Even after lesions in the posterior parietal cortex, there may be an inability to haptic integration. Such lesions can be caused, for example, by ischemia, by strokes or neurological diseases such as multiple sclerosis.
The haptics can also be disturbed independently of the multisensory integration processes. This can be the case with damage to the afferent nerve tracts in the spinal cord. Damage to all other haptically relevant regions of the central nervous system can also be the cause of disturbed haptics.
Depending on the location of the lesion, the haptic memory can be disturbed, for example. Incorrect tactile information caused by the lesion is also conceivable, such as could come about due to restricted surface sensitivity.

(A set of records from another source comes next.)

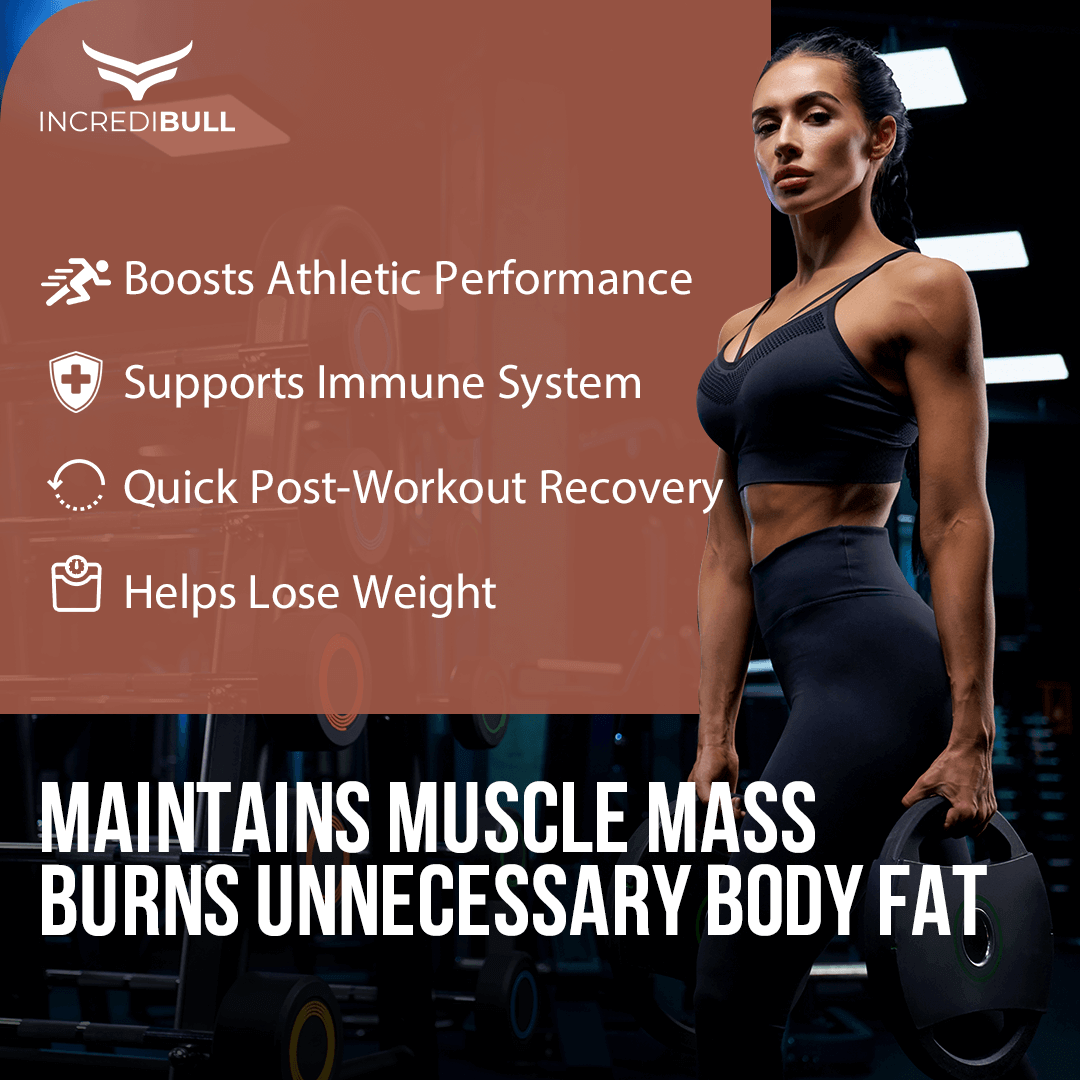 IB Premium Nitrabull Whey | 31 G Protein | 3 G Creatine | 1.5 G Tribulus - Quenchlabz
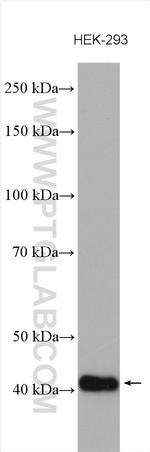 CAMK1 Antibody in Western Blot (WB)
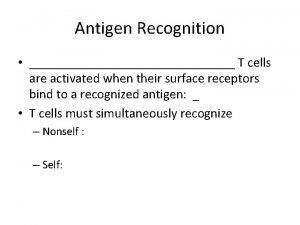 Antigen Recognition T cells are activated when their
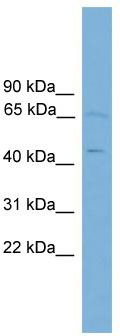 WB Suggested Anti-FOXD4 Antibody Titration: 0.2-1 ug/ml; ELISA Titer: 1: 312500; Positive Control: 721_B cell lysate;FOXD4 is supported by BioGPS gene expression data to be expressed in 721_B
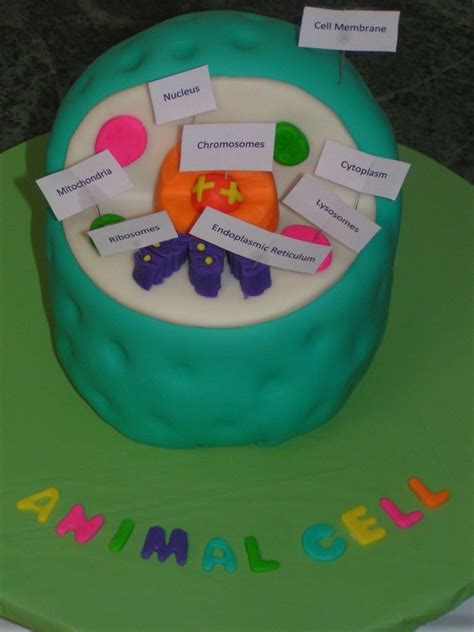 Animal Cell A Fun Way To Practice Plant And Animal Cells Cells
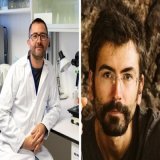 El CSIC consigue dos proyectos  ERC Consolidator Grant El @icmabCSIC empleará una técnica innovadora para mapear procesos tumorales Desde el @ipnacsic  crearán un modelo de gobernanza multiespecie centrada en las relaciones entre humanos y gatos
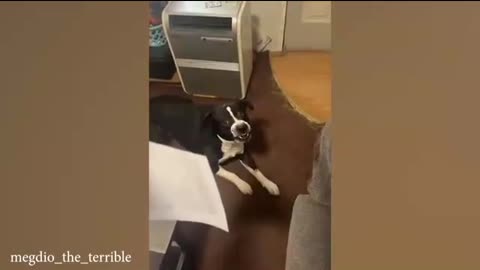 Funny dog pet #viral#trending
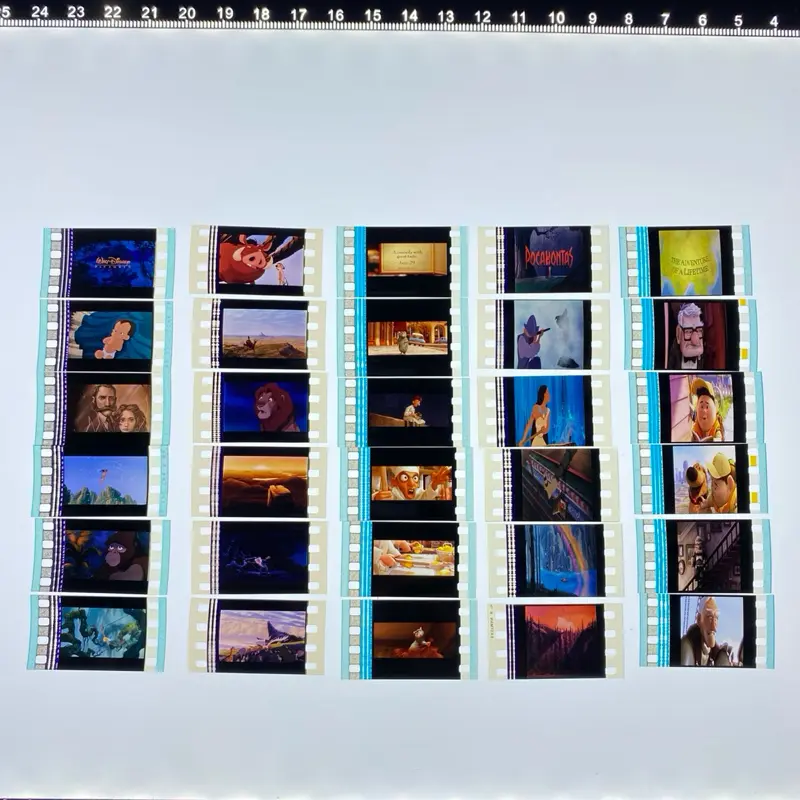 FILM BUNDLE 35mm Film Cell Collection Bundle (30) single individual cells UP Lion Poc Tar Rat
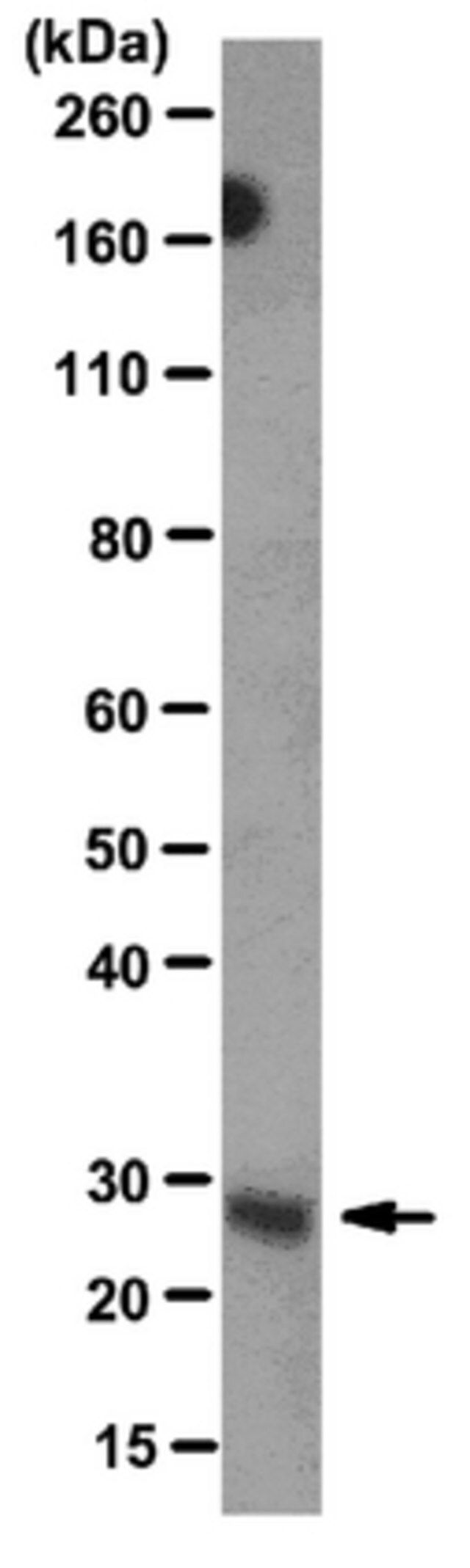 Anti-Neuregulin-1 Antibody, clone D11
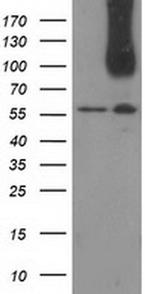 CDCP1 Antibody in Western Blot (WB)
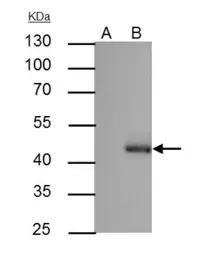 C/EBP alpha antibody [N1], N-t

Receptor-related diseases are rather rare in this context, but can also cause the impaired surface sensitivity, as can neuronal diseases. Receptor disorders are often associated with poisoning.
Much more often, however, abnormal sensations of the haptics are associated with peripheral or central nervous damage. Peripheral nerve damage can occur, for example, as part of a polyneuropathy and in this case are associated with vitamin deficiency, alcohol abuse, diabetes, toxins or cancer and infectious diseases.
There are accordingly many possible reasons for haptic perception disorders. The diagnosis of a specific disease therefore turns out to be extremely challenging in this context.